Did you know your electricity rates may go up soon? The California Public Utilities Commission (CPUC) is considering changes to electricity rates as a result of a new bill passed in 2013. This law, AB 327 (Perea), makes a number of changes to the way rates are structured and allows the CPUC to approve a new fixed charge on all customers. Big utilities want to force everyone to pay the maximum flat fee which would especially hurt customers who use little or no electricity. This fixed charge could harm low-income Californians, and will increase the monthly bills of those who try to save money by using less electricity.
How does electricity pricing work again?
Currently, California’s electricity is priced to incentivize conservation: the more energy you use, the higher price you pay. There are four different pricing “tiers,” where people who use less energy pay lower rates, and those who use more energy pay higher rates. Most low-income people save money from the lower tiers because we typically conserve energy. But all that can change if the big utilities have their way.
From $60 to $120 per year for no electricity? No thanks.
The CPUC is implementing the guidelines created by AB 327. The big three utilities – Pacific Gas &Electric, Southern California Edison, and San Diego Gas & Electric – are pushing for customers to pay the maximum fixed charge: $10 per month (or $120 per year), while low-income customers would be forced to pay $5 per month (or $60 per year).
The fixed charge is an outrageous price jump: once the customer pays the fixed charge, then they also have to pay for the electricity they use on top of that.
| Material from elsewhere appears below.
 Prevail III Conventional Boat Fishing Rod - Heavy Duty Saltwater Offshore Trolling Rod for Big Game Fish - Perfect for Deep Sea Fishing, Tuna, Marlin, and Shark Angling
This shell game is designed to increase the bills of people who use the least amount of electricity and lower the bills of people who use the most electricity.
The graph above shows what happens when all the charges on the bill are combined: those who use the least electricity are really paying the very high total; while the more you use, the lower the price you pay. High energy users will get rewarded by paying lower rates, while low-income communities will pay more on their energy bills no matter how much energy they conserve. So the changes in rates have the following bad effects:
- They place an additional financial burden on low-income consumers,
- They punish customers who want to go solar, and
- They reduce the incentive to save energy
This doesn’t help California move in the direction we want to go!
The good news…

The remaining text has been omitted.